Tell us your (personal) story about life in the rural West.
I am blessed to be a fourth-generation Montanan. I am grateful for the values that I grew up with around being Montana-real, bringing a strong work ethic to my career, helping neighbors, and doing what is right even when no one was watching. The values of the rural West run deep in our family. My father taught me the love of land, the animals, who homesteaded where, and who their sisters, brothers, cousins, and parents were while driving country roads with a couple of bird dogs drooling on the back of our truck seats. We watched the weather, bred too many horses, and never really sold any horses. We love our horses.
Life circumstances brought me out of Montana to experience Nevada with country-western dancing, big city experiences, boundless possibilities, challenging careers, and beautiful people. Montana drew me back home three years ago and while the Montana roots never left me or my actions, coming home feels like a soulful reunion with the Beartooth Mountains, family, dirt roads, country traditions, seas of cowboy hats, bales of hay, and of course more horses!

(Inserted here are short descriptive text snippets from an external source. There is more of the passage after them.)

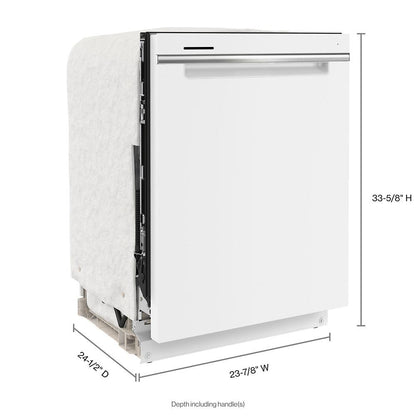 Whirlpool WDTA50SAKW 24 Stainless Steel Dishwasher with AI Intelligent Wash - 47 dBA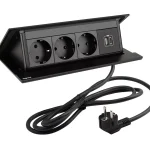 LEGRAND PopUp, 3x230V, 1x USB A/C, fekete mat, SCHUKO Olcsóbb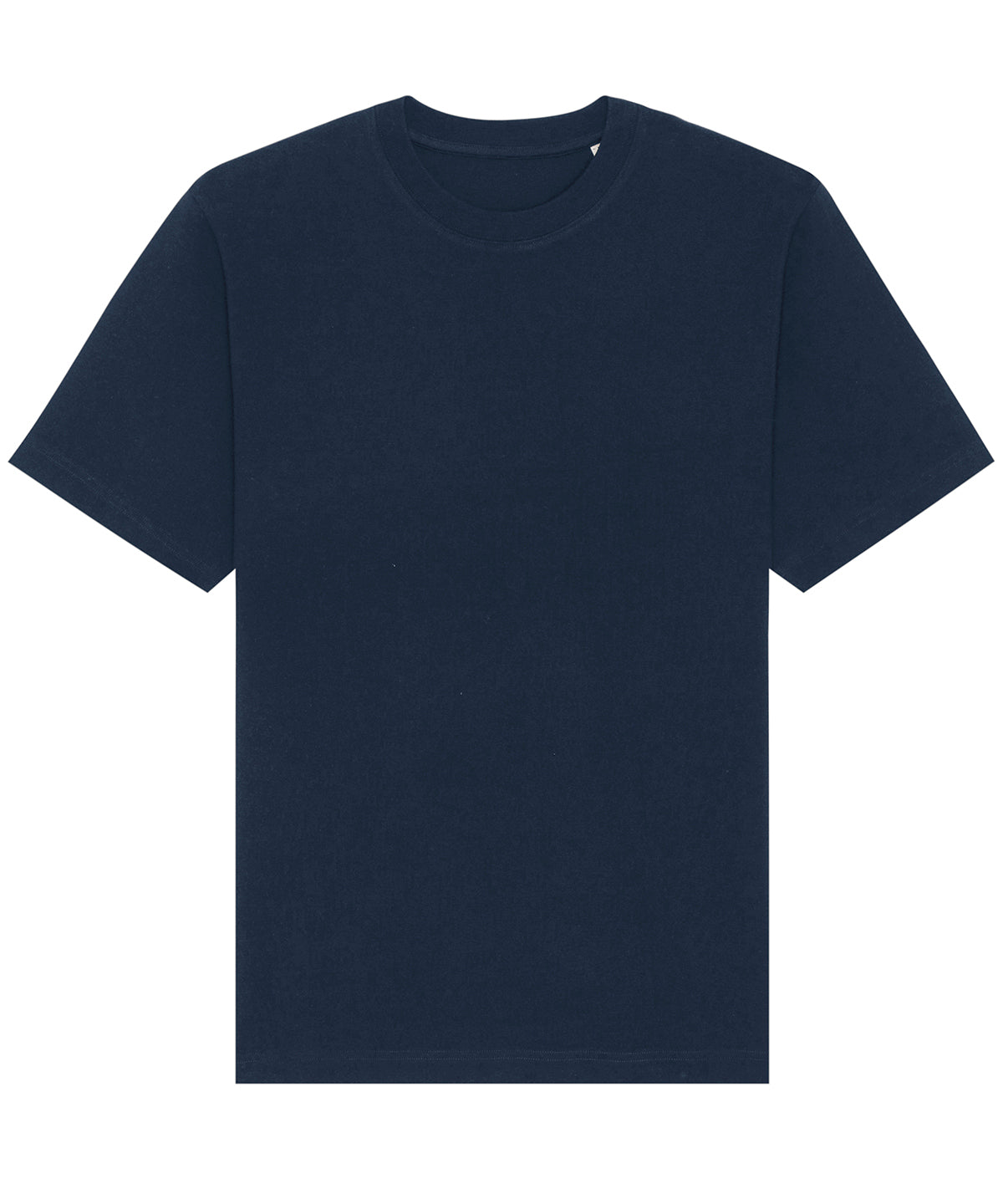 Tryck din logga på T-shirts från Stanley/Stella - Anpassa Freestyler Avslappnad Tung T-shirt – Unisex i färgen Marinblå för företag, föreningar och privatpersoner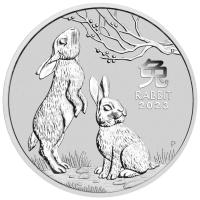 Image 2 for 2023 Year of the Rabbit One oz Silver Bullion Coin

What has the WFC brought to your life?
WFC is a beautiful way for me to never lose sight of what made and continues to make those rural western roots so important to everyone and anyone from any background. For me, the storytelling with insights into a simpler, harder, and all the while more beautiful life, bring those beautiful values front and center for me to remember and realize that less can be so much more. Being present on the land, communing and partnering with animals, collaborating with neighbors, and living in gratitude for nature, family, music, and the emotions that come with being alive are so beautifully woven at every event that WFC presents. The most important thing that WFC has given me was the experience of sharing the Gathering with my father who was beyond proud of my involvement with something that means the world to him. He never wants the rural western ways to be abandoned.
Describe the WFC in three words.
Culture, Traditions, Talent
What do you think is the WFC's most significant impact?
Keeping rural western ways illuminated and shared with all cultures in a way that sends participants off with a different pace and a large dose of grace.